As far as his shooting percentage goes, John Stockton shot from the floor like a center who only shoots from inside of ten feet, despite his being a 6’1” perimeter player. While most guards were shooting less than .500 from the field, Stockton routinely finished among the league’s top 20, including a fourth-place finish at .574 in 1987-88. He led the league in true shooting percentage (a measure which takes into account 2-point field goals, 3-point field goals, and free throws) three times and finished in the top five eight times. He never averaged more than 17.2 points per game (which he did in both 1989-90 and 1990-91 because the man was consistent), but he never took as many as 12 shots per game.

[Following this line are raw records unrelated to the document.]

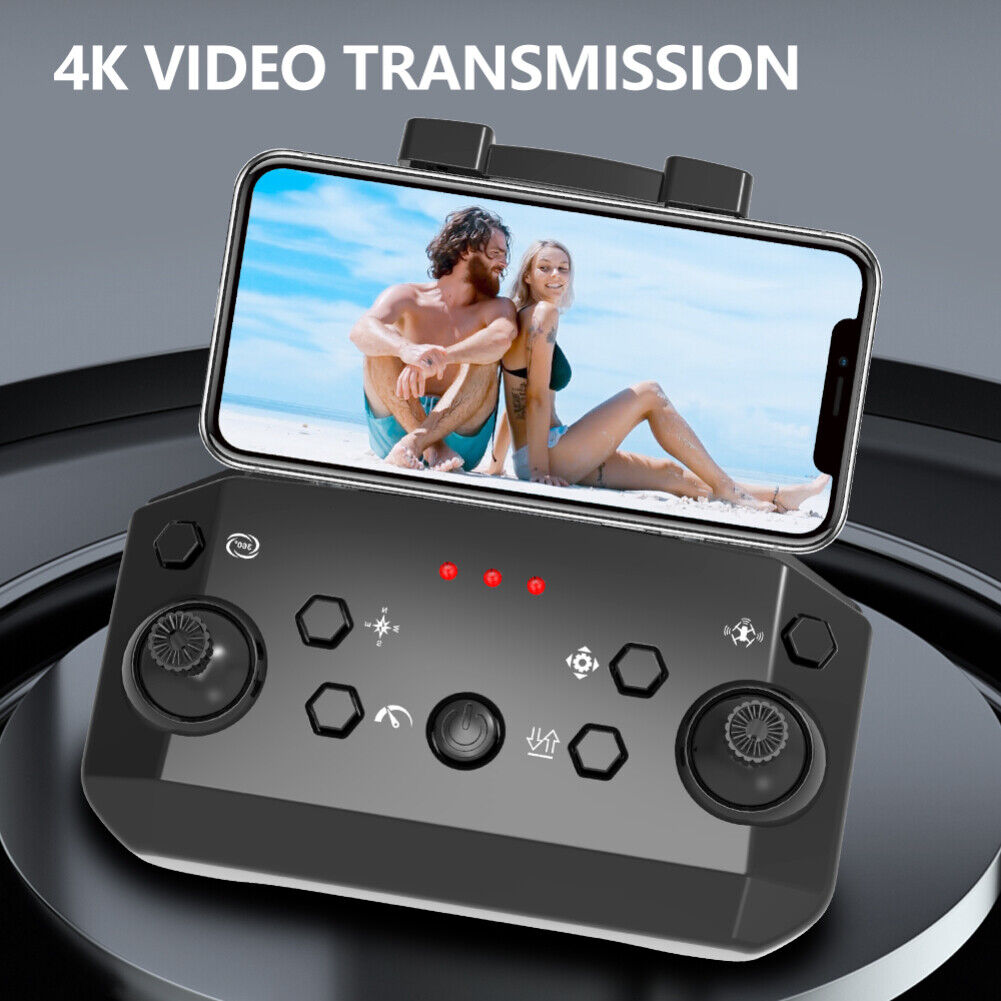 Foldable RC Quadcopter with 4K Camera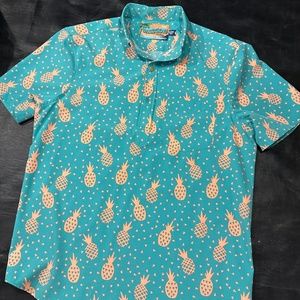 Chubbies Pineapple Medium Shirt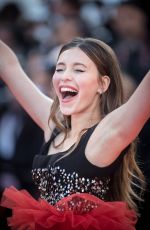 REGINA TODORENKO at Ash is Purest White Premiere at Cannes Film Festival 05/11/2018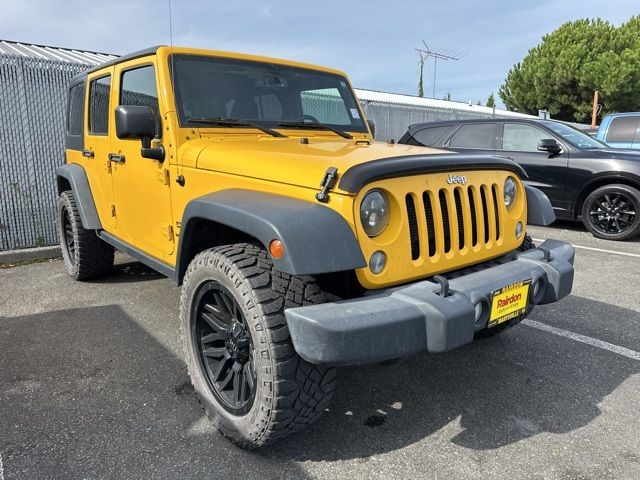 2015 Jeep Wrangler Unlimited Sport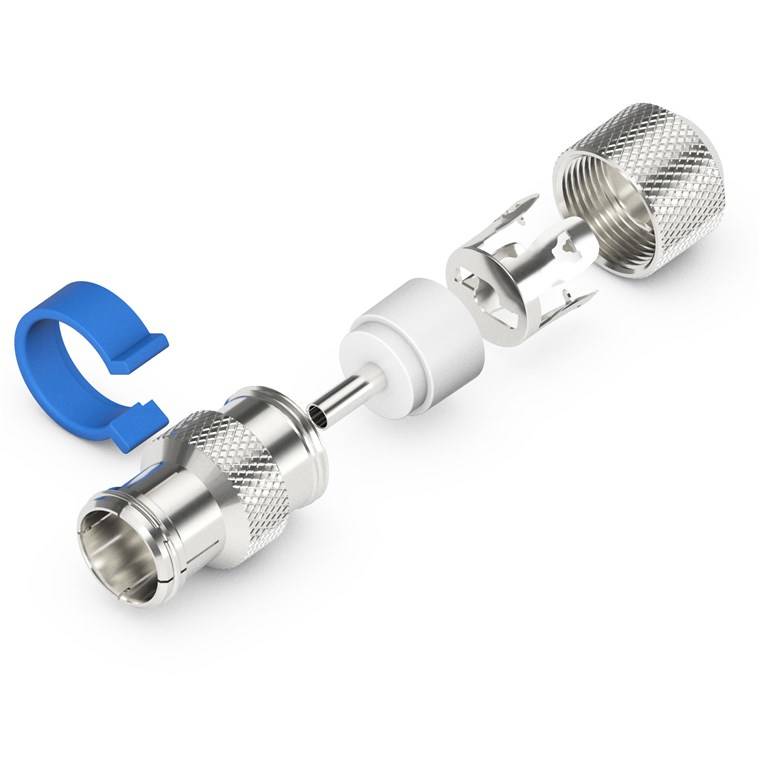 goobay Easy-Installation IEC/Koax-Buchse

If he played in today’s game where point guards shoot much more often, he could have been one of the game’s top scorers.
Stockton led the league in assists per game nine times (including a record 14.5 per game in 1989-90), and he led in assist percentage 15 times! (That’s the percentage of teammate field goals a player assisted on while on the floor, a better indicator of passing prowess given that it controls for the speed of the game more). With a career assist percentage of 50.24, he’s the only man in NBA history to assist on the majority of baskets made by his teammates while he was on the court. Chris Paul is a distant second, with a career percentage of 45.43.
In a 19-year career in one city, John Stockton played in every single game in 17 of those 19 seasons and only missed 22 games in total. He’s basically the Cal Ripken, Jr. of the NBA… if Cal Ripken, Jr. were a significantly better player. This is not to denigrate Ripken, who was great. It’s just that Stockton was even more elite as a basketball player than Ripken was at baseball.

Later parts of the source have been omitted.